§ Goal of the exercise:
Find the line with "Dave Hole - The" in the entries below, then reproduce it and every line after it down to and including the line with "Bild des Angebotes", exactly.

§ Data under study:

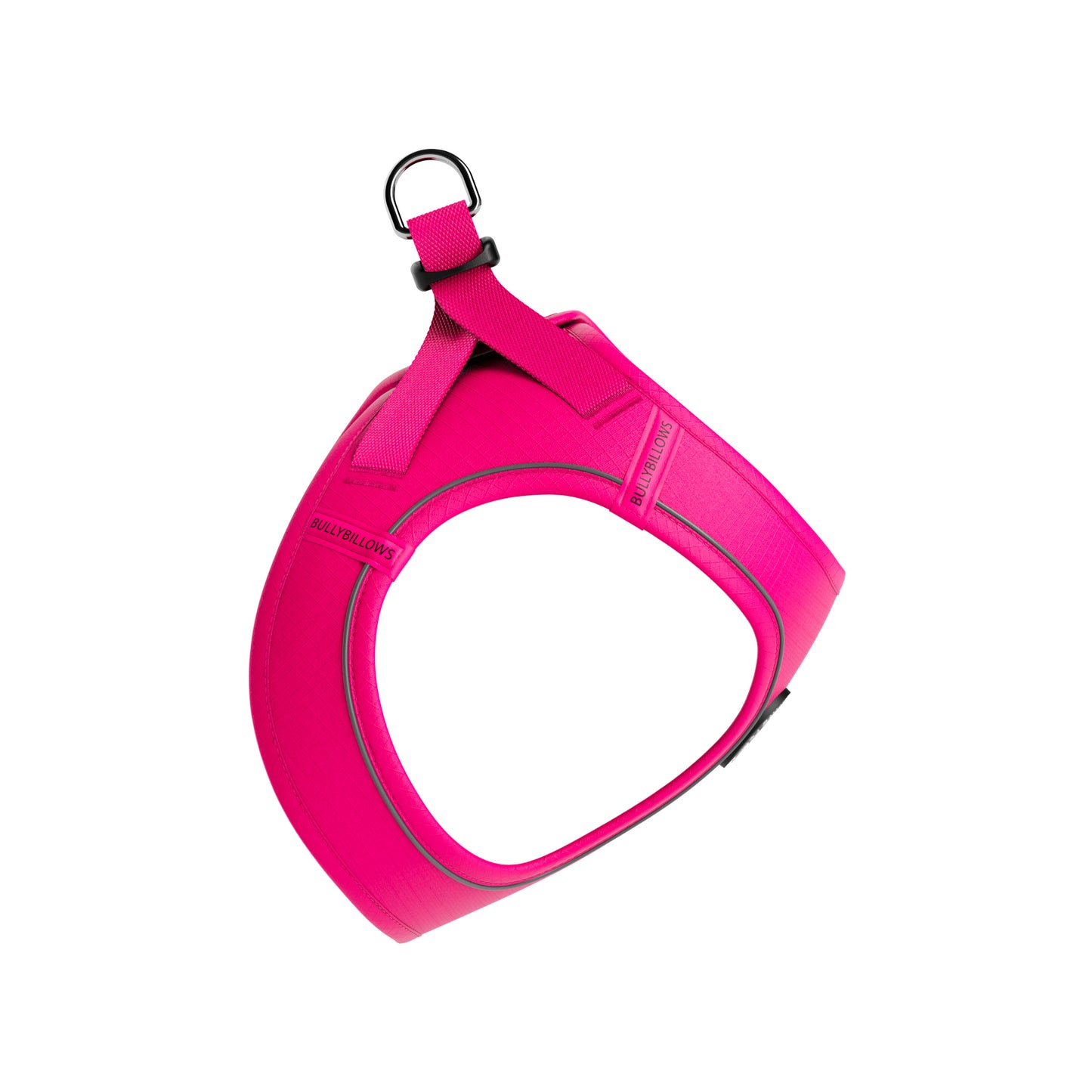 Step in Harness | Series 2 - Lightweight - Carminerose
--
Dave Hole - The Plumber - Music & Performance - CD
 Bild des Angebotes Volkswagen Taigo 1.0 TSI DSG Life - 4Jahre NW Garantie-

§ Response to this task:
Dave Hole - The Plumber - Music & Performance - CD
 Bild des Angebotes Volkswagen Taigo 1.0 TSI DSG Life - 4Jahre NW Garantie-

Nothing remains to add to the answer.